However things are not that simple. There are two key differences. First, interest in and approval of celebrity affairs is normally associated with youth. That was clear from Couldry and Markham’s survey, and our repetition of it. However in these clusters it is clear that older groups tended to approve of associations between charities and the famous more than younger groups. Of the ‘pro-fame’ group in the fame–charity cluster, 61% is over 45 years old. This suggests that those people who are interested in celebrity as celebrities may not be so interested in their charitable work.
The second, related, difference is that an interest in celebrity news did not necessarily coincide with approval of celebrity advocacy for poverty overseas, and vice versa. This is shown in Table 6, and in the bottom row of that table. This shows that of those who are sympathetic to associations between fame and international development, more of them are hostile to celebrity news generally than are sympathetic (119 compared to 105). One would expect people who approved of the work of the famous for development might be quite likely also to be interested in the famous. But they are not, quite the reverse in fact. The point here is not that these different proportions are statistically significant. It is simply that the trend is the opposite of what is expected. Likewise the last column of Table 6 shows us that of those who are interested in celebrity news only a minority (105 compared to 143) are plainly sympathetic to the work of the famous in development. Once again, this is not significant because of any statistical difference but simply because the pattern is the opposite of what one might expect. Receptiveness to celebrity news, and receptiveness to celebrity advocacy for development are not particularly complementary mindsets.
Comparing cluster responses to celebrity news and fame and overseas poverty clusters.

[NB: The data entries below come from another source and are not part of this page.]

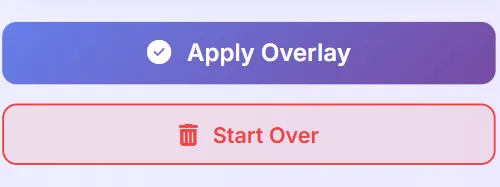 Apply Overlay button.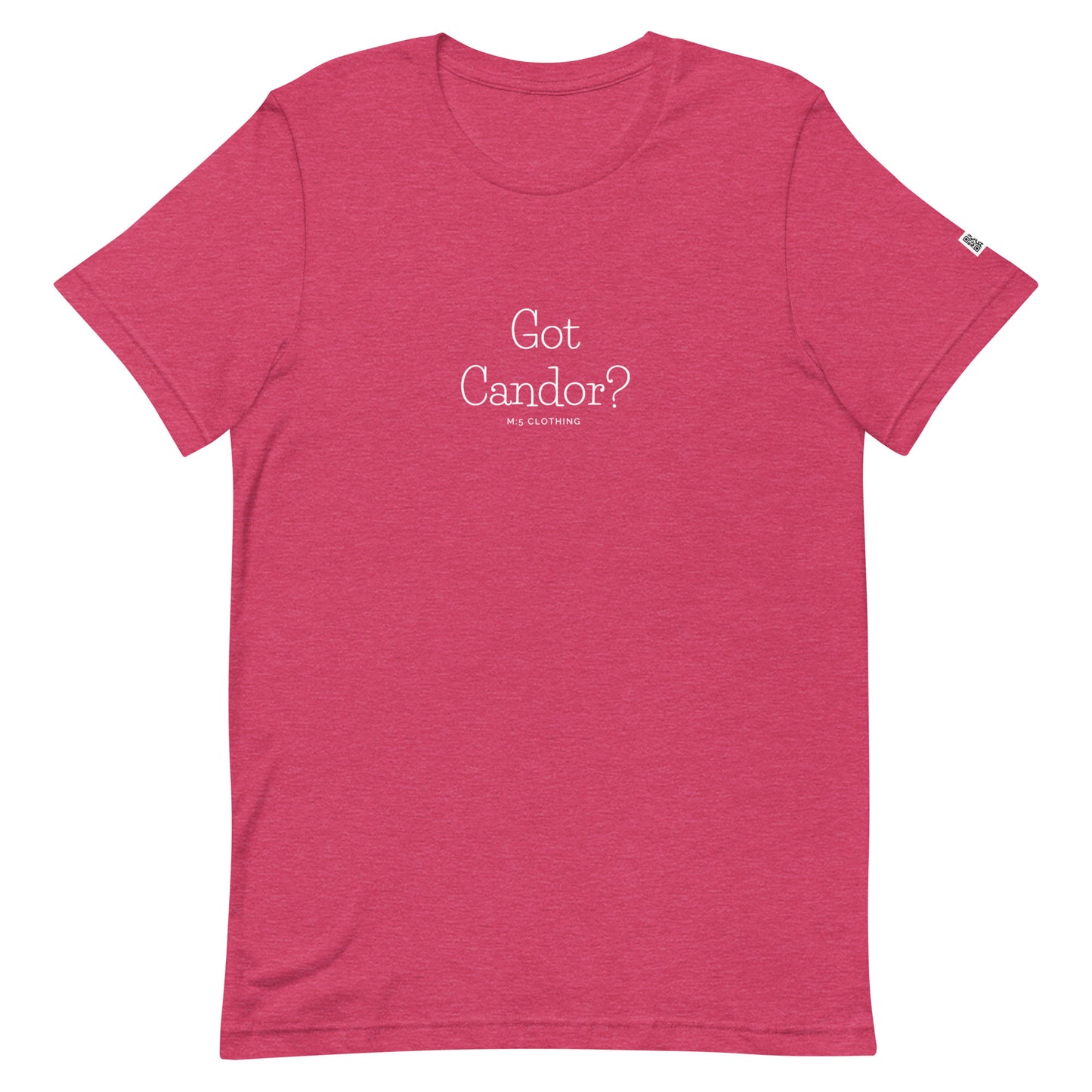 Got Candor Unisex t-shirt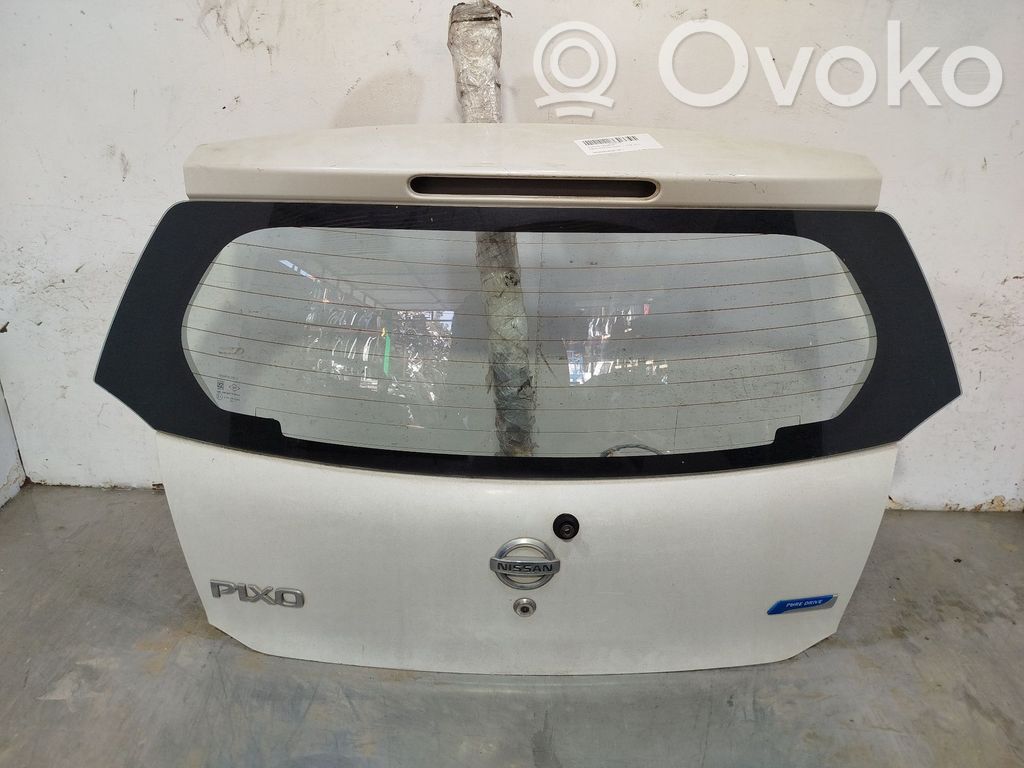 Nissan Pixo Portellone posteriore/bagagliaio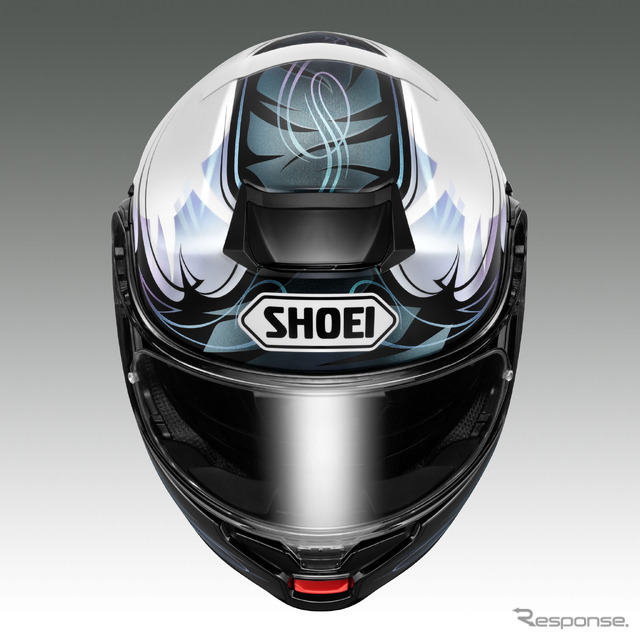 SHOEI NEOTEC 3 ブリーズ（ブルー/ホワイト）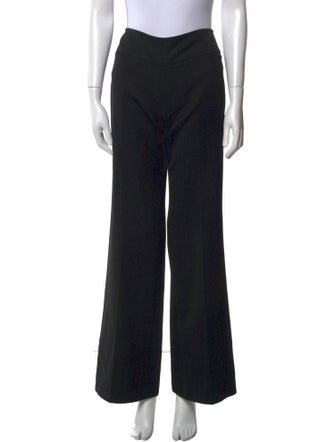 Burberry London Wool Wide Leg Pants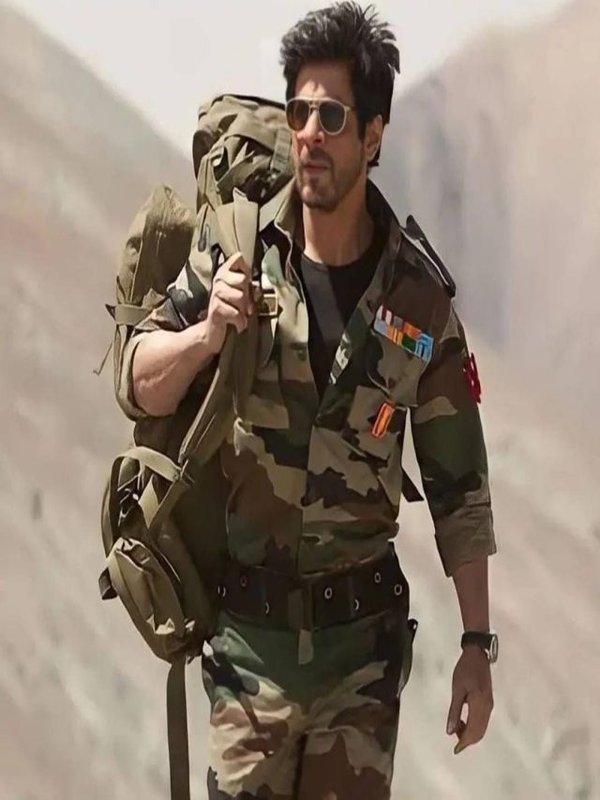 PATHAAN SHAHRUKH KHAN - ARMY OFFICER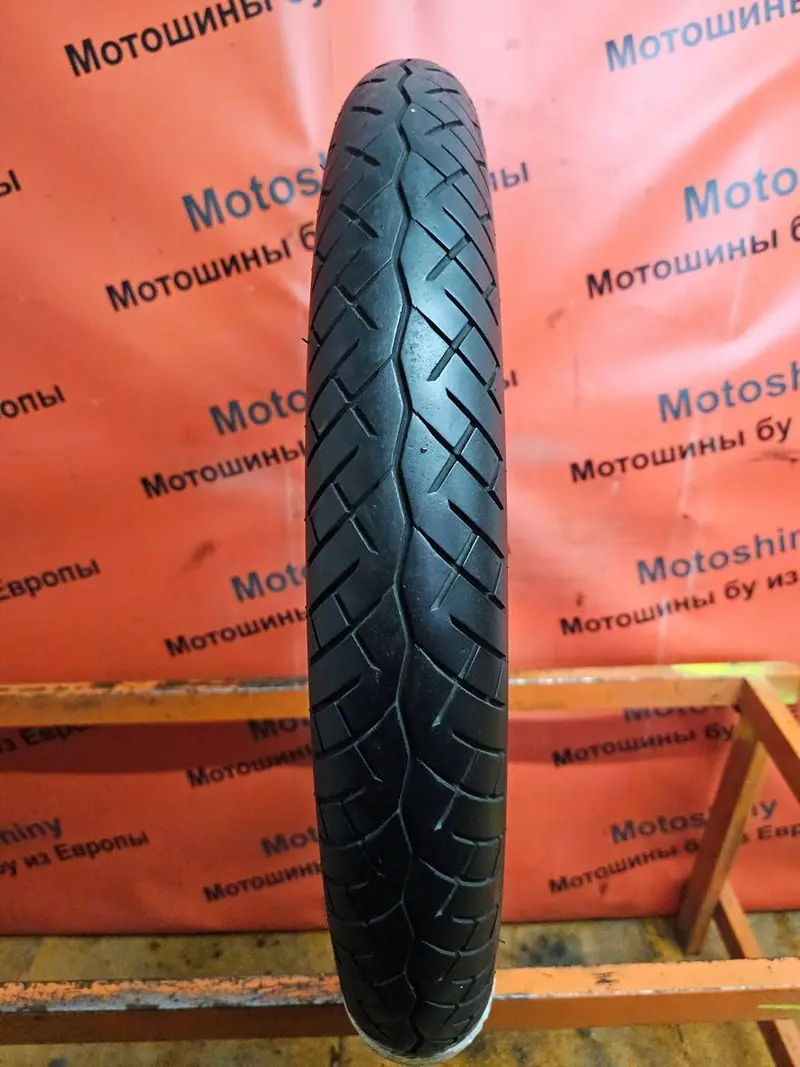 Мотошина б/у 90/90 R21 Bridgestone Battlax BT45F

Note: Excludes the ‘Don’t know’ fame–overseas poverty cluster.
The archetypal example in the focus groups of the disconnection between interest in celebrity culture and interest in celebrity advocacy was Rachel. Rachel was very much into her celebrity culture, and a big Peter Andre fan. But in a discussion about Bono, she kept quiet. On being invited to join in she responded:
To be honest I’m quite lost in all of this cause I don’t really keep up to date with anything. I don’t even know who Bono is. I felt kind of stupid not knowing who that is, but to be honest I’m living a life where I don’t care. Most of my friends are ooh yeah Peter André, that’s nice, he looks quite fit. I know it’s quite shallow right now but –
But would you support something if Peter André was involved?
If I was totally honest I’d think that’s quite good, but it would be gone like that. [] For me celebrities and charities don’t mix very well.
Reasons for the belief in celebrity advocacy
Whatever the sociological realities of celebrity advocacy consumption actually are, perhaps the more important point remains that it is believed in. It is important to understand why, and consider the implications for that for the broader politics of celebrity advocacy. Here the evidence from the focus groups is useful.
One of the main reasons underpinning that belief that media coverage (that any celebrity is believed to provide) is good is that it will raise money. This explains the general benevolent reception of celebrity advocacy in the focus groups (negative attitudes were few):
At the end of the day that [money] is it isn’t it? That is the important thing. You can watch somebody and admire them – does that matter at the end of the day you are not giving them the money which is the whole point of them spending that money paying that celebrity to do that thing. 9
After groups had disagreed about the integrity of celebrity advocacy participants could still conclude that ‘at the end of the day they are raising money for a good cause’. Opposition to them was most clearly expressed by not giving money:
(With respect to Angelina Jolie’s visits overseas) It’s all staged, and because of that I wouldn’t give her money.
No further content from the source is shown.